**Work to be completed**
Reproduce the records precisely. Every line should be included.

BEGIN

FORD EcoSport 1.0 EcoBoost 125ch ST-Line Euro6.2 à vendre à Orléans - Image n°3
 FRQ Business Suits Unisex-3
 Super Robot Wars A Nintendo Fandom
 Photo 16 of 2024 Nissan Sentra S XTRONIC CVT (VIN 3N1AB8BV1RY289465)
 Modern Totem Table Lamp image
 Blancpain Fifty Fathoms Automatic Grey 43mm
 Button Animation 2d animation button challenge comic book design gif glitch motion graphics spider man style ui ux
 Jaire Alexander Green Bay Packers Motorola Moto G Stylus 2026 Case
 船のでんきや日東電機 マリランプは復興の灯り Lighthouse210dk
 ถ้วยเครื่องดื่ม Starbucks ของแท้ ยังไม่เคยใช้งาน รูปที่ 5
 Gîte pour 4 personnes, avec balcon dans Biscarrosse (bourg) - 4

END

**Your solution**
FORD EcoSport 1.0 EcoBoost 125ch ST-Line Euro6.2 à vendre à Orléans - Image n°3
 FRQ Business Suits Unisex-3
 Super Robot Wars A Nintendo Fandom
 Photo 16 of 2024 Nissan Sentra S XTRONIC CVT (VIN 3N1AB8BV1RY289465)
 Modern Totem Table Lamp image
 Blancpain Fifty Fathoms Automatic Grey 43mm
 Button Animation 2d animation button challenge comic book design gif glitch motion graphics spider man style ui ux
 Jaire Alexander Green Bay Packers Motorola Moto G Stylus 2026 Case
 船のでんきや日東電機 マリランプは復興の灯り Lighthouse210dk
 ถ้วยเครื่องดื่ม Starbucks ของแท้ ยังไม่เคยใช้งาน รูปที่ 5
 Gîte pour 4 personnes, avec balcon dans Biscarrosse (bourg) - 4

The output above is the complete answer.